Talking books can help those unable to read traditional print due to cognitive or physical disabilities, including blindness.
By Stefanie Cloutier
Linda and Jeanette have a lot in common: both are avid readers, both enjoy discussing the books they’ve read, and both belong to the same group, Women on Wheels, where all the members are in wheelchairs.
“We get together every week, talk about all different things,” Jeanette explained. “It’s nice to connect with people in a similar situation.”
Both women also have challenges that make reading a printed book difficult, such as hand tremors or severe arthritis.
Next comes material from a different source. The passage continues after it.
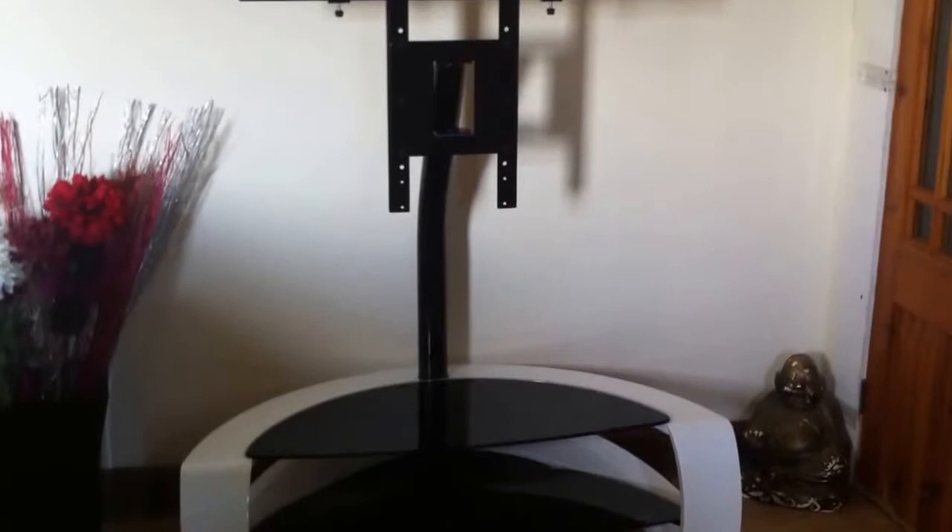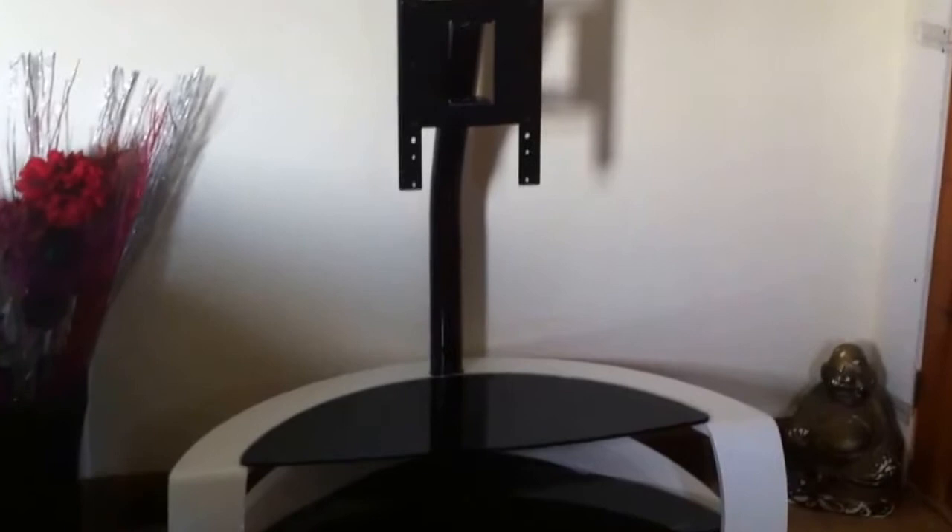The TV stand dimensions are: height 107.9cm, width 117.2cm, and depth 50.3cm. It can fit anything from a small TV up to a 46 inch TV, and the maximum weight it can take is 50kg.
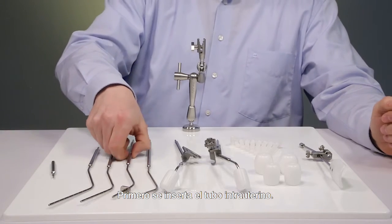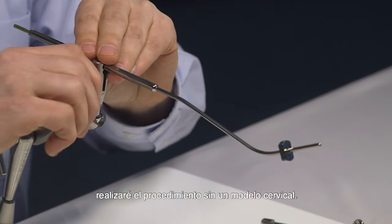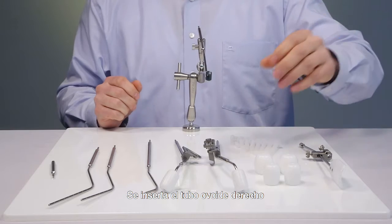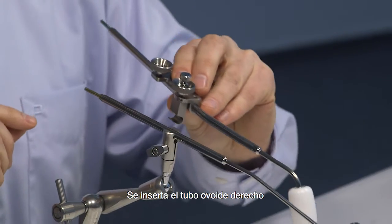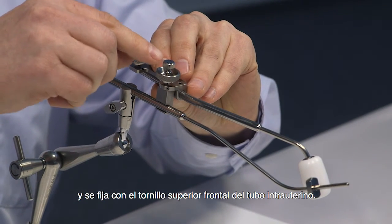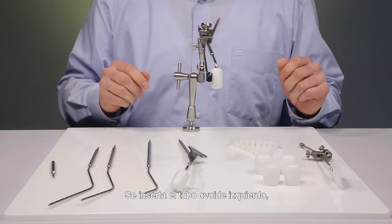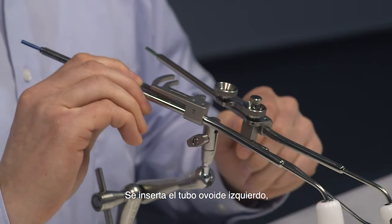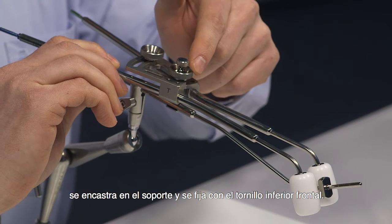The I.U. tube is inserted first. For demonstration purposes I will do this without a cervix model. Now the right ovoid tube is inserted and fixed with the upper front screw on the I.U. tube. Now the left ovoid tube is inserted and clicked into the bracket and fixed with a lower front screw.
That’s why they both enjoy audio books from the Perkins Library.
The Library is a sanctuary for people with disabilities beyond blindness, a fact not widely known by a majority of that population. And so the Library staff is expanding its efforts to reach all people who may benefit from their talking and braille books.
“Audio books are great if you have a disability that makes it hard for you to hold a book, or to turn the pages,” said Director Kim Charlson. That includes adults with multiple sclerosis and children with dyslexia or attention deficit hyperactivity disorder (ADHD). “If your hands are shaking, or you’re a kid who can’t sit still, it’s much easier to listen than to read.”
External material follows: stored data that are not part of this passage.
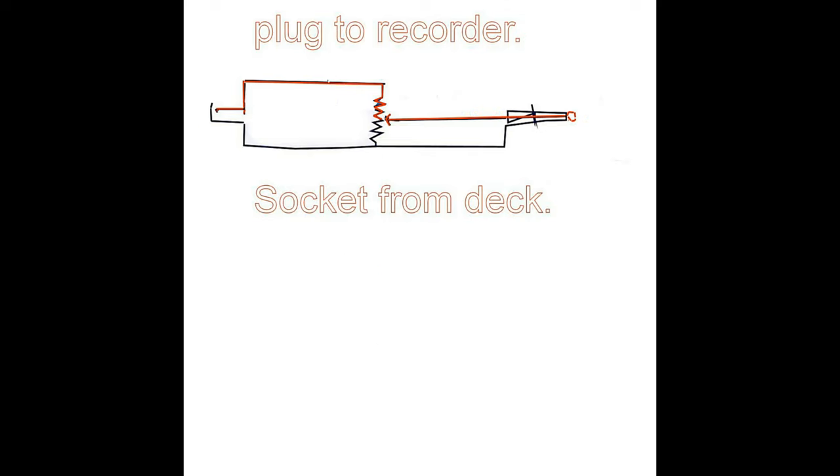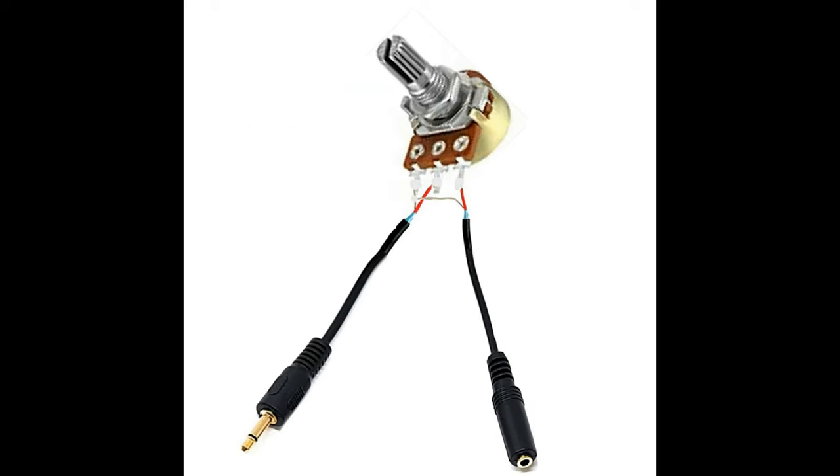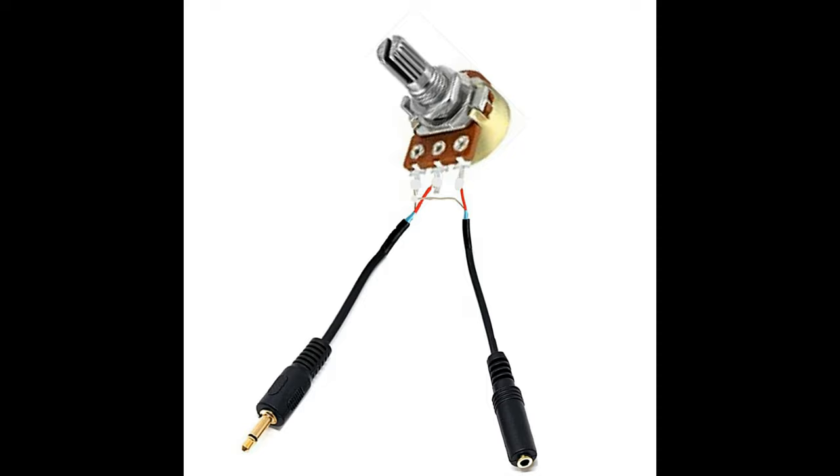We put it together like this: the signal comes in, goes through the resistor, and comes out, which means you get a hundredth of the original signal. The variable one is the same electrically, and once assembled the beauty of it is you can alter the input and output levels and balance the two to get the best results.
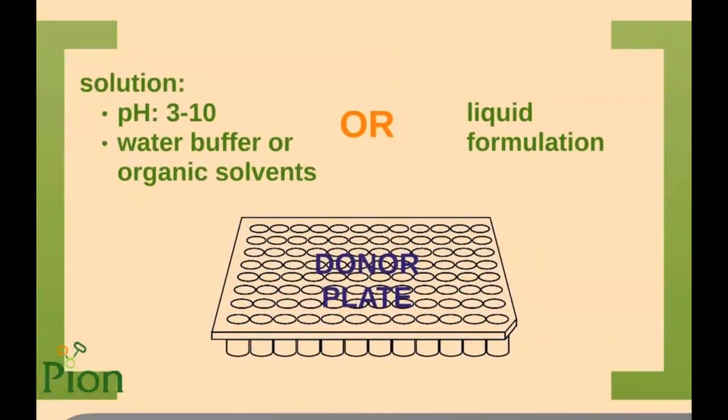The next step is preparation of the donor plate. When working with solutions, pH can vary in a range from 3 to 10. Pure water buffers, co-solvents, or pure organic solvents are also possible. Liquid formulations can be applied as they are without any further dilution. The donor plate volume is 200 µL, but as the stirring disks have a volume of 20 µL, we should add 180 µL of solution or liquid formulation into every single well.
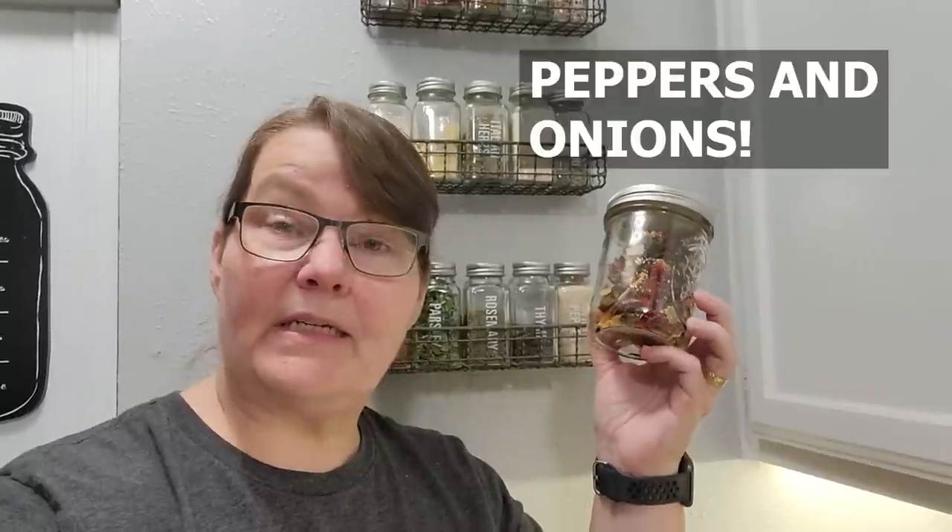Do you want a trick to filling up your pantry very quickly without all the prep work for dehydrating? Let me show you how I do it with dehydrated frozen vegetables — and here's the fun thing we do with them for spices.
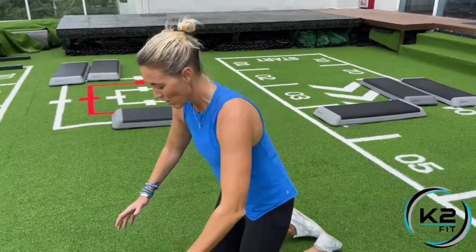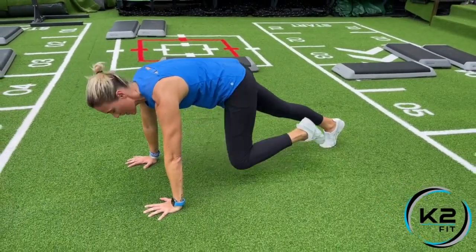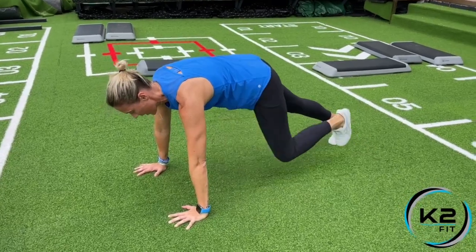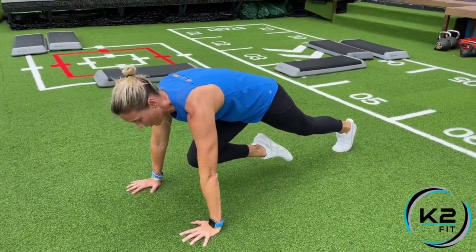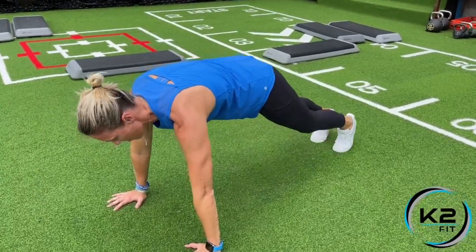We're going to slow down the mountain climber and do a slow mountain climber, so you're going to hold for time. Get in your plank position and bring one knee towards the chest, keeping the foot hovering off the ground. If it says hold for three seconds, you bring it up, hold two, three, back.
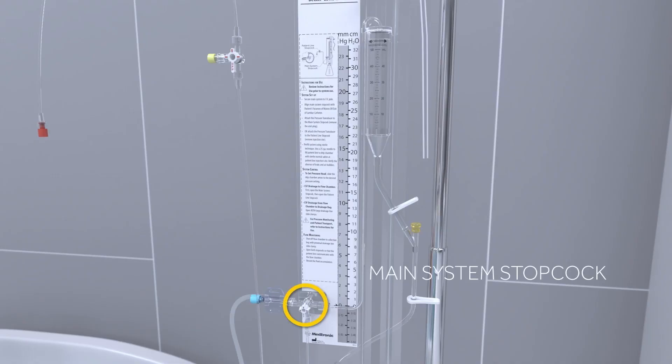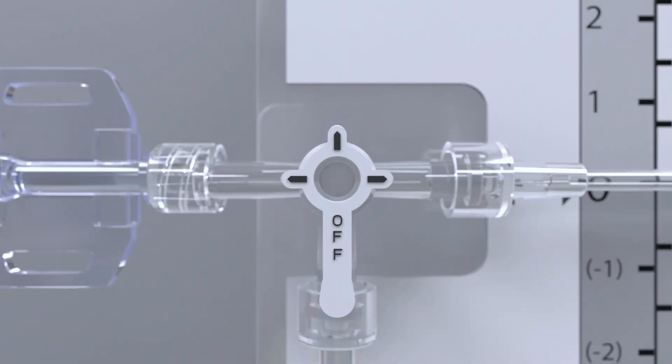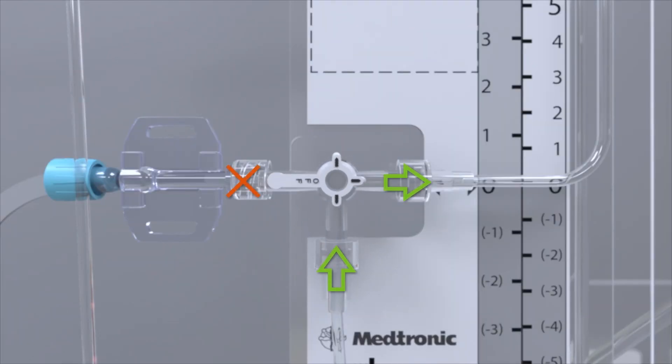The main system stopcock controls flow from the patient line stopcock to the transducer adapter or dead-end plug and into the drip chamber. Like the patient line stopcock, the main system stopcock is marked with three arrows, as well as an arm marked with the word OFF. The arrows indicate the directions which fluid can flow, while the OFF arm indicates where the fluid cannot flow.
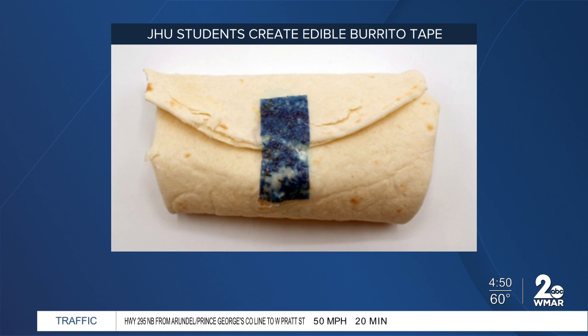It's made of food-grade fibrous scaffold and organic adhesive, which does not sound appealing. But supposedly it works and keeps the burrito in place. The students aren't sharing exactly what they did to make this tape because they want to apply for a patent. But they say it's very easy to apply and remove.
Jeanette would agree with that. “I can put the headphones on and just relax and listen; I don’t have to hold the book.”
The Perkins Library provides free reading material to anyone with a physical disability or limitation that affects their ability to read. It offers audio players, cartridges, large print books and described videos, in addition to braille material, to 28,000 current patrons. Its affiliation with the National Library Service for the Blind and Physically Handicapped of the Library of Congress gives it access to millions of books and videos.
“The Perkins Library works beautifully for me,” said Linda. “I look up a book in the Library catalog and if it’s available in the format I need, I put it in my book basket and sign in with my Perkins code and password. I go back to my book basket and check "Rush" which allows me to get up to three books in the mail in two to three days. It's fantastic!”
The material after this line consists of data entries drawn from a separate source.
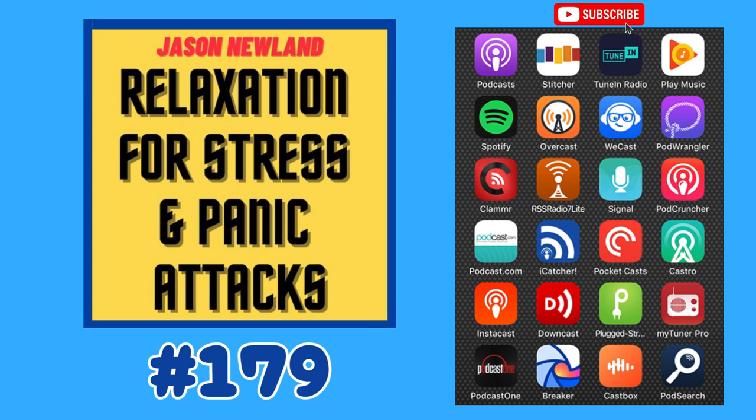Hello and welcome to jasonnewland.com. My name is Jason Newland. Thank you for joining me. This is going to be a relaxation technique. This podcast is relaxation hypnosis for stress, anxiety and panic attacks.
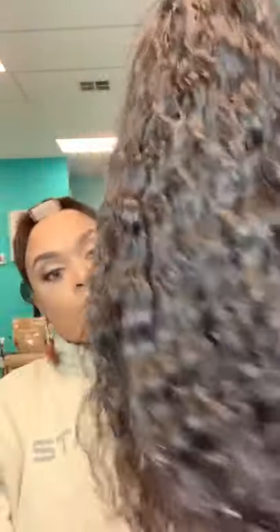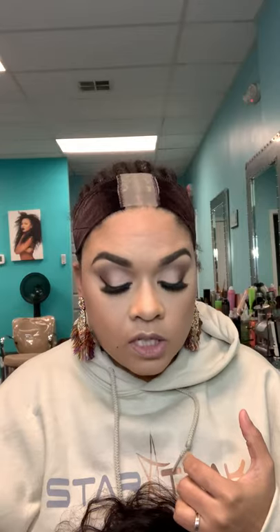It's one of our pre-made wigs — 18 inches with a five-by-five lace closure. Guys, I did absolutely nothing to this wig. It already comes with the knots pre-bleached, and I love it.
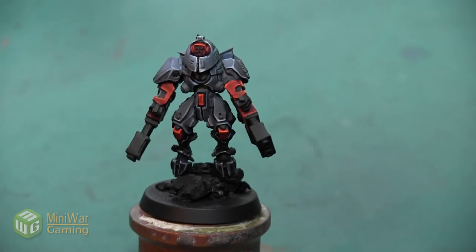Hey folks, Jenny from Mini Wargaming here with another how-to video. In this video we are going to continue work on this alternate color scheme Shadow Sun mini and we are going to paint a blue glow inside the vents of the fusion blasters. As always, if you have suggestions for something you'd like to see in a future how-to video, please leave them down below in the comments.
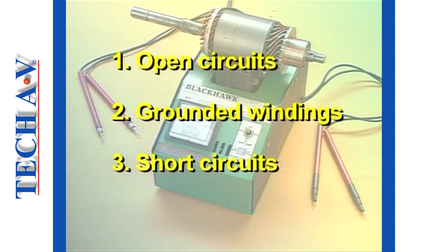Three tests are conducted to an armature: open circuit testing, a grounded winding test, and a short circuit winding test.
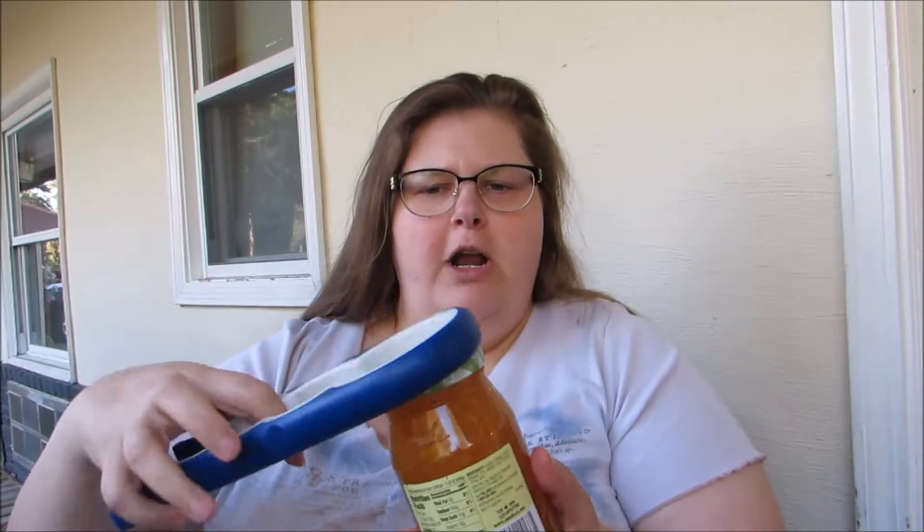What I like best is that I can open jars without my husband now. You just take this and you're going to find the size bottle that you need. As you can see, you have two different sizes on either side depending on what you need. Here I have a marmalade jar and I find the one that's for it and I'm going to press on it nice and snug and it's going to open it for me.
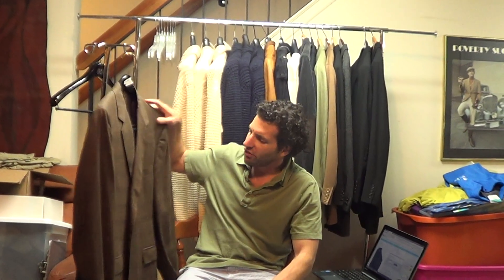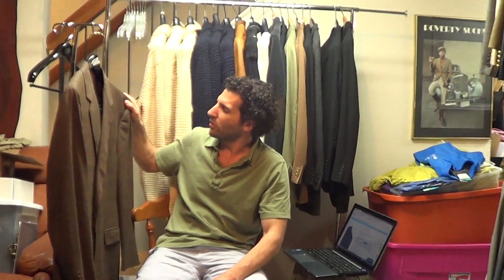Hi there, thanks for tuning in. I got a nice jacket here from Canali. I had a video on this before, but I had to redo it — I'll show you why.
Adds Jeanette, “I love that the catalog is so detailed, it can tell you if a book has strong language. I’m not a fan of strong language.”
And though Charlson and her staff already do a fair amount of outreach to the community, it’s difficult to connect with everyone who is eligible for their services.
“It’s hard to identify people who are losing their vision – they’re already marginalized by society,” Charlson said.
It’s even harder to ferret out the people with other reading-related conditions. So she works to connect with teachers, professionals who work with people who are impaired, parents and special education professionals. She thinks it’s important to give anyone with a reading disability a connection through books and reading.
Young readers are especially vulnerable, as the ability to read is critical for learning.
“When children are first learning to read, their books have large type and only a few words to a page,” said Charlson. “Making the leap to smaller print books can be a psychological barrier to reading.” She said that the large print books offered by the Library may help to ease that transition, so she has a dedicated staff member who works with young readers.
Additionally, “some kids are auditory learners,” explained Charlson, which is why the Library provides them audio books as well.
Ann Marie, the mother of 8-year-old twins, heard about the Library from a friend whose now college-age child used the service early on. Ann Marie’s son has dyslexia, and she described the opportunity to borrow thousands of audio books as “amazing!”
“Both of my kids have always loved reading,” she said, explaining that she reads to them all the time. “We’ve logged hundreds of hours on the players from the library.” The audio books give her son the chance to read independently, which she said has led his teachers to comment on his excellent reading comprehension and vocabulary.
She loves that there is no waiting in line, unlike at their town library – they simply choose their books online and download them in minutes onto a thumb drive, which they then insert into the digital player. Her son Ty concurs that the service is well worth it.
“You just type in the author or the title, and find books you like,” Ty explained. “It only takes 10 minutes to download, and you have a book!”
Currently, the Library has 15,000 players, portable machines that play the custom digital cartridges holding the audio books. Recently, it launched the Braille and Audio Reading Download (BARD) Mobile App for iPhones and other digital devices that will make downloading even easier.
“We want to appeal to the youth audience, the people who feel awkward using a player, or those who want to listen inconspicuously,” said Charlson.
To qualify for Library services, prospective patrons need only fill out a short application, indicating the disability that makes them eligible. In the case of a reading disability, they will need a signature from a medical doctor validating the disability. All other applicants need only a certified authority, such as a case worker, social worker or other medical or public service professional, to deem them eligible.
Once they are approved, patrons can borrow readers and cartridges for free by making a request. Items will be mailed to them, with a prepaid return envelope included, making borrowing simple. Or, if they prefer, patrons can walk into the Library and make their request in person; about a dozen people a day choose that option.
Jeanette finds the return process simple, especially for someone who has difficulty using her hands. “I don’t even need to write the address; the label is already on the envelope!”
Linda concurs. “I have been using the Perkins Library for about five years now,” she said. “It has been one of the greatest services I have ever had the pleasure of using and has added much happiness to my life.”